Re: “Tree-owners deserve tax credit,” Letters, June 8.
As much as I found the letter somewhat interesting and somewhat entertaining, I was left trying to understand exactly what the point was.
The bylaws that are referred to have been around for some time, so why complain now.
When someone buys a house, they can see the existing trees and know the consequences. If they already own a house and plant new trees, the same would apply.
The foundation of the letter writer’s argument is built on the idea that we live in a free society, but we don’t — nor would I want to.

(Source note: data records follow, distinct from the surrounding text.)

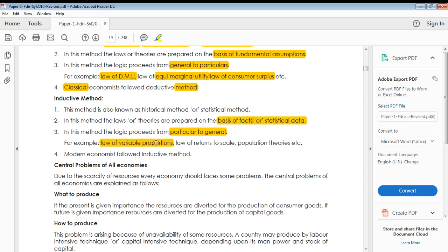For example, the law of variable proportion was developed after analyzing some companies and production units — how their production and proportions moved. One or two production departments were analyzed, and we conclude that this scenario is common to all situations, applying a particular-to-general logic. Similarly, the law of returns to scale and population theories are developed using the inductive method. This is also known as the historical method or statistical method, and it was used by modern economists.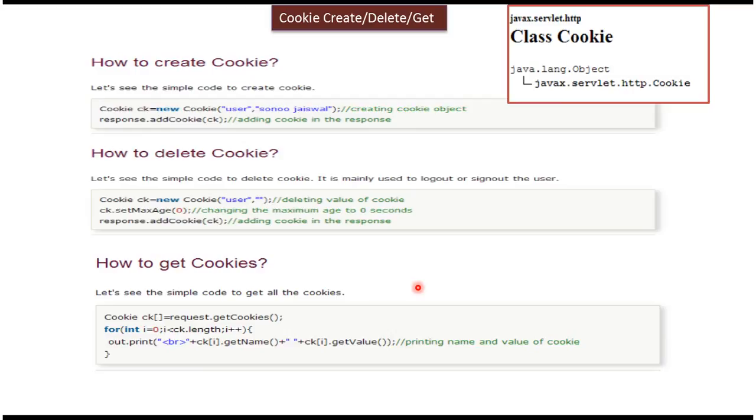So this is about how to create the cookie, how to delete the cookie, and how to get the cookie. And thanks for watching. Bye.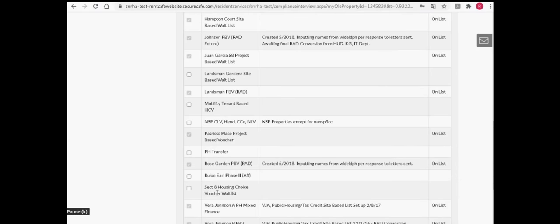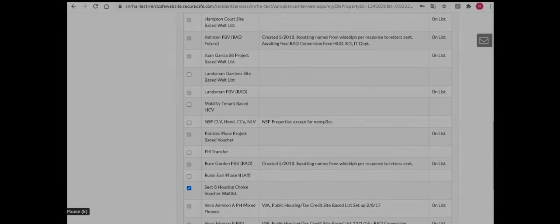Be sure to only apply for properties that you are able to occupy. For example, some SNRHA properties consist of one-bedroom units for seniors only. A one-bed unit would not be suitable for a large household requiring two or more bedrooms.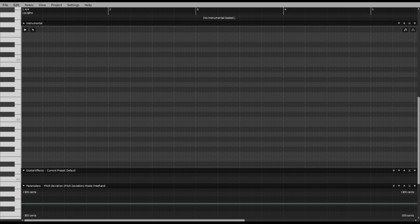Hey guys, some people are a little confused as to what I mean by certain things when talking about this program Synthesizer V. This is a bit of a tutorial video because I want to show you guys how I do certain things, how stuff works in this program, and explain the differences between this program and other synth programs like UTAU, Vocaloid, stuff like that.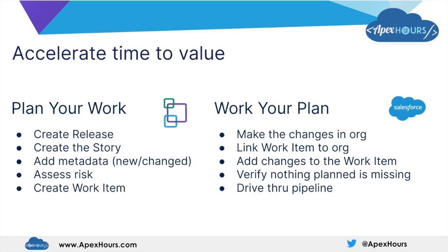There really are two phases. There's planning the work, the business analysis. That's where you're creating a release, developing your user stories, deciding what metadata is part of that user story, assessing the risk of that user story, and then you create a work item, which is the handover from your business analysis piece done inside elements.cloud across to DevOps Center. The work item is that pivotal object.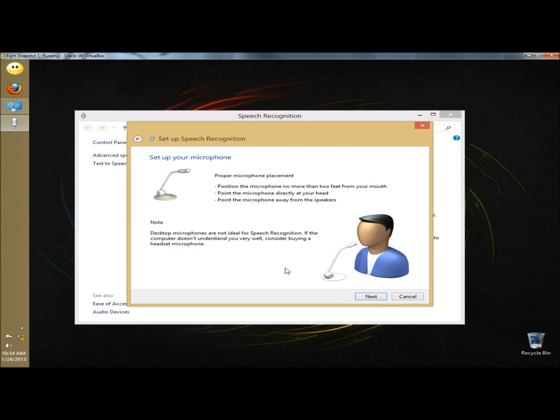Down below there's a note: desktop microphones are not ideal for speech recognition. If the computer doesn't understand you very well, consider buying a headset microphone. I'm using a desktop microphone for this video. I'm going to click next.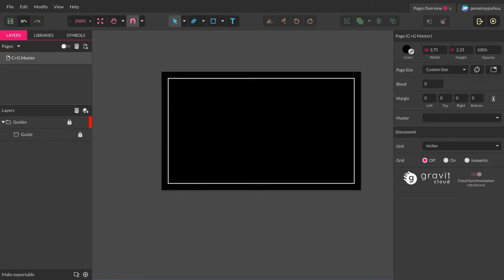Hi everybody, this is Josh. In this video, we're going to be looking at the Pages feature in Gravit Designer. Let's check it out.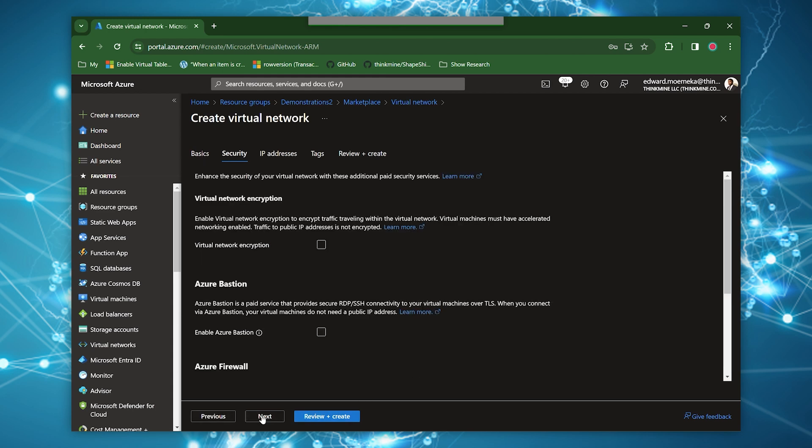So here you can see that we have the choice of choosing between enabling a bastion and also a virtual network encryption. And then we also have a choice of specifying firewall here. But we're not going to do any of that right now.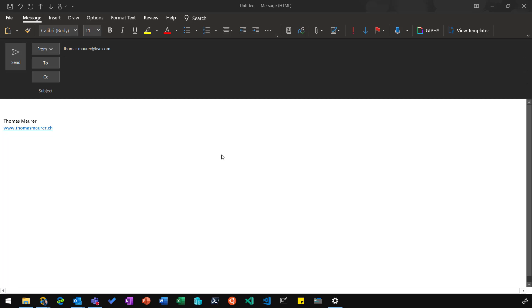Here I'm in Outlook and I've already opened a new email message. I'm currently running an Office Insider build. That means this feature is probably not yet available in your Office installation.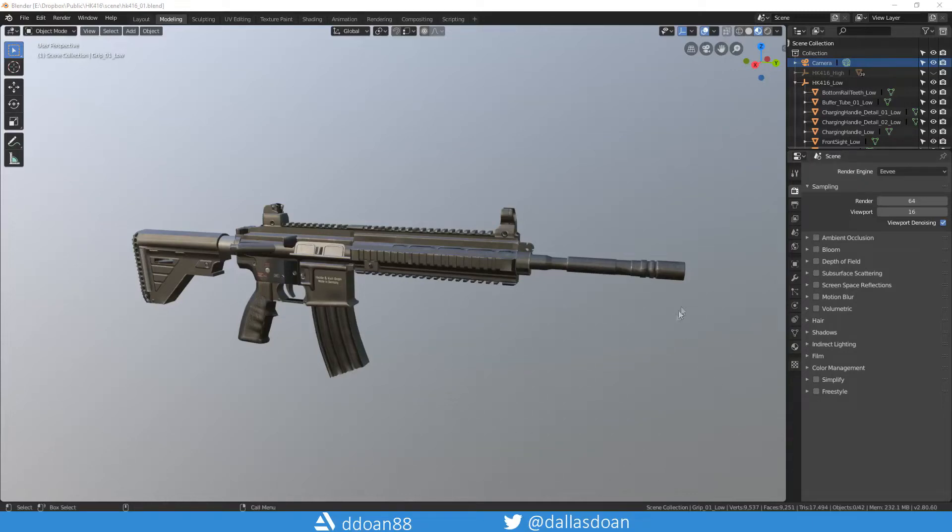What's up everybody, this is Dallas Doan here and today in this video I'm going to quickly show you how to apply PBR textures in the Eevee engine in Blender.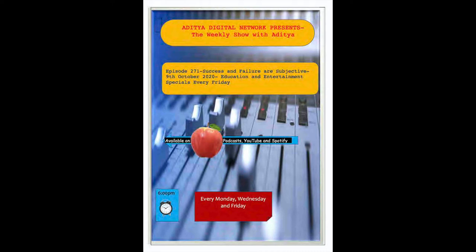This is Saurabh and you're listening to my favorite talk show, The Weekly Show with Aditya.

I like having speed limits, stop lights and laws in general, and I am not interested in living in a neighbourhood or society where one homeowner can choose to open a mechanics shop on their residential property and operate day and night if they wish, nor someone building a 10,000 square-foot home on an 8,000 square-foot lot, just because they own it.
No one to my knowledge has suggested doing anything outside of the laws already in place; in fact, quite the opposite.
What is being asked is that we follow the laws already in place and that we put on the brakes and ask whether developers should be able to lobby (or dictate, depending on how you look at it) what bylaws they need to follow because it appears, from walking around any neighbourhood in Richmond, that developers just have to ask and they shall receive.
Having developed property myself in the past, I can tell you it makes building so much easier and profitable when you don’t have to deal with those pesky trees.
One final note for Mr. Friesen, and anyone else, the tree that sparked all this debate is on city property, not private, just like so many felled city trees cut to make room for new driveways.